World’s largest aerospace company, Boeing is again in limelight with its manufacturing defects as some airlines operating company’s 787 Dreamliners have removed eight jets from service after it identified two distinct manufacturing issues in the fuselage section.
The planemaker stated it was conducting a review to find the root cause and has notified the U.S. Federal Aviation Administration.
“We immediately contacted the airlines that operate the eight affected airplanes to notify them of the situation and the airplanes have been temporarily removed from service until they can be repaired,” Boeing spokesman Peter Pedraza answered.
The sudden news has affected the operations of United Airlines, Singapore Airlines and Air Canada who have been using the aircraft as air travel began its gradual recovery from pandemic induced slowdown.
United Airlines said it has one of the Dreamliners and the jet is not in service, while Singapore Airlines said one of its Boeing 787-10 aircraft was affected by the technical issue.
“The aircraft is not in service and we will work closely with Boeing on a solution,” a Singapore Airlines spokesperson told media.

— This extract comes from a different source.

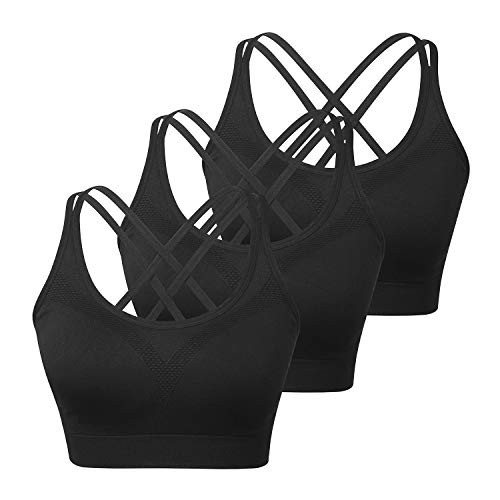 Womens Crisscross Back Sport Bras Sexy Strappy Bralettes Back Removable Pads Yoga Bra Pack of 3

The event is an unwanted moment of bad press for the aviation giant who recently began regulatory test flights with the Federal Aviation Administration (FAA) to bring back its 737 Max aircraft line into service.
Max was first introduced in 2017 only to be grounded in 2019 after a 2018 crash in Indonesia and a 2019 crash in Ethiopia. Investigators were critical to point out the role played by flight-control software in these crashes that pushed the noses of the planes down based on faulty sensor readings.